Dari sudut dunia usaha, dirinya mengaku kenaikan BBM akan menimbulkan kenaikan harga di beberapa sektor, terutama transportasi dan logistik. Akibat biaya logistik yang naik, barang dan jasa juga akan terkerek naik terutama di UMKM yang memiliki ketergantungan tinggi akan BBM.

“Namun tidak ada cara lain untuk menanggung konsekuensi ini bersama. Kadin menghitung industri berskala besar dan sedang tidak akan terlalu terdampak karena menggunakan BBM non subsidi, tetapi untuk skala UMKM tentu akan langsung menyesuaikan sehingga perlu insentif seperti subsidi bunga KUR, insentif pajak hingga permodalan,” tegasnya.

Di sisi lain, ia menyarankan agar pemerintah menaikkan upah minimum tahun 2023 sejalan dengan inflasi yang melonjak, serta mempersiapkan rencana panjang lantaran ketergantungan pada BBM subsidi harus dilepas secara perlahan karena dunia global sudah mulai bergerak menuju energi baru dan terbarukan yang lebih baik untuk keberlangsungan lingkungan dan dunia usaha.

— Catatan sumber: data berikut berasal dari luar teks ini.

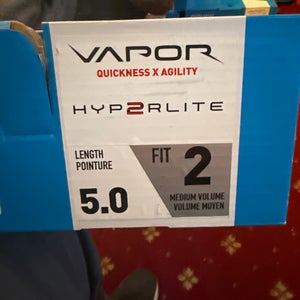 2023 Bauer Vapor Hyperlite 2 Hockey Skates Size 5 (New) *no blades*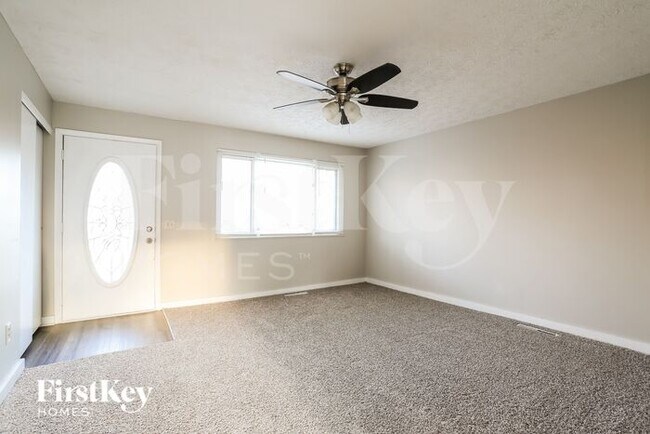 Building Photo - 4609 Paxton Dr S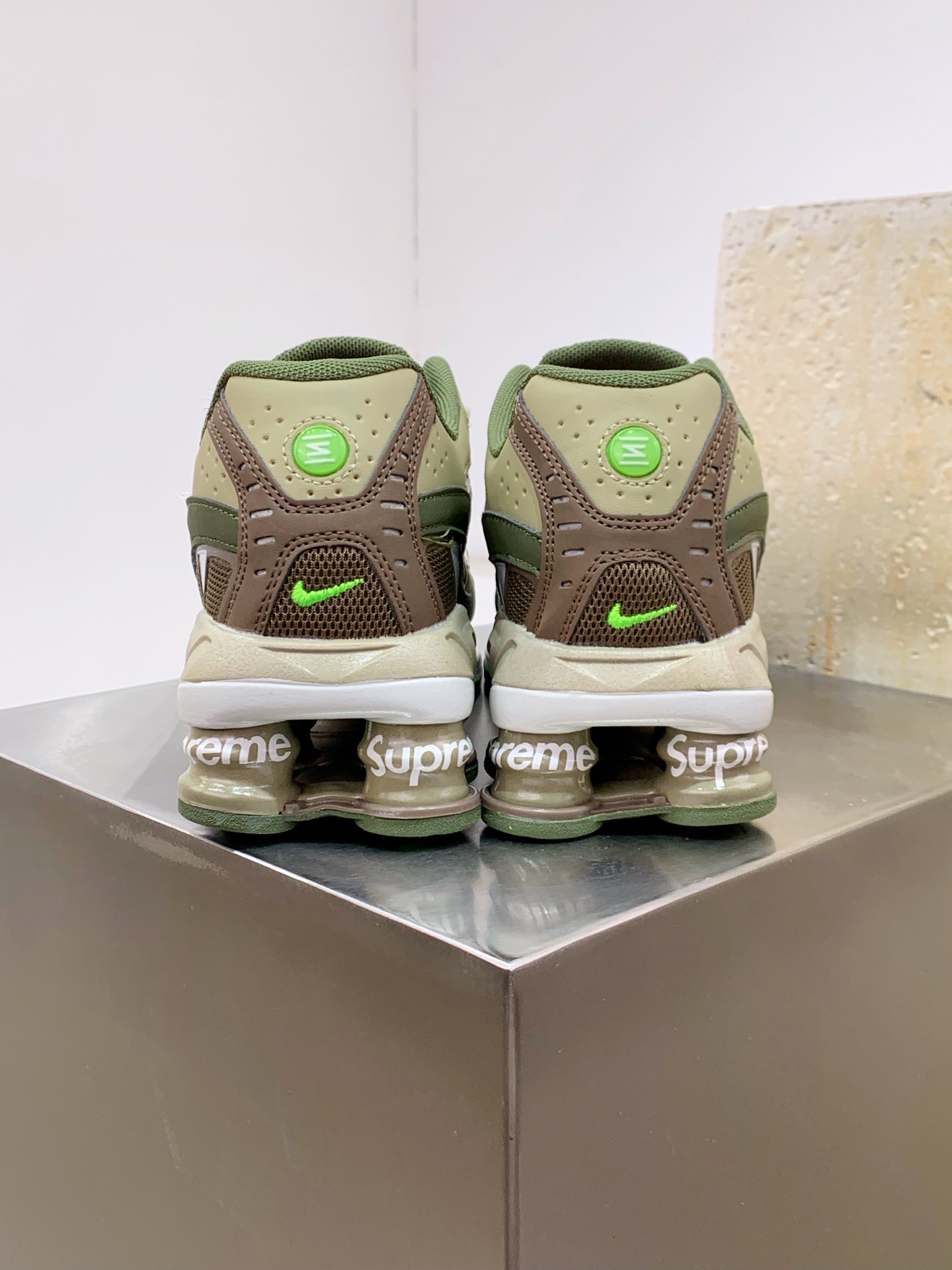 Nike Basic Shoes Gray L-s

Indonesia memiliki kekayaan alam yang bisa dijadikan sumber energi baru terbarukan seperti geotermal, angin, surya, hidro, dan beberapa sumber mineral seperti nikel, sudah seharusnya berada di garda terdepan untuk proses transisi energi terbarukan.
 
Dengan begitu, sambung dia, jangan sampai APBN terus tergerus untuk subsidi energi fosil yang sudah ditinggalkan negara-negara maju. APBN untuk sektor energi harus digunakan melihat ke masa depan dengan membangun ekosistem ekonomi hijau seperti industri kendaraan listrik serta ekonomi digital dengan membangun infrastruktur digital.
 
"Tentunya transisi ini harus didukung dengan kebijakan fiskal lainnya seperti insentif dan pengurangan pajak pada pelaku usaha di bidang energi terbarukan agar transisi energi bisa dipercepat,” ucap Arsjad.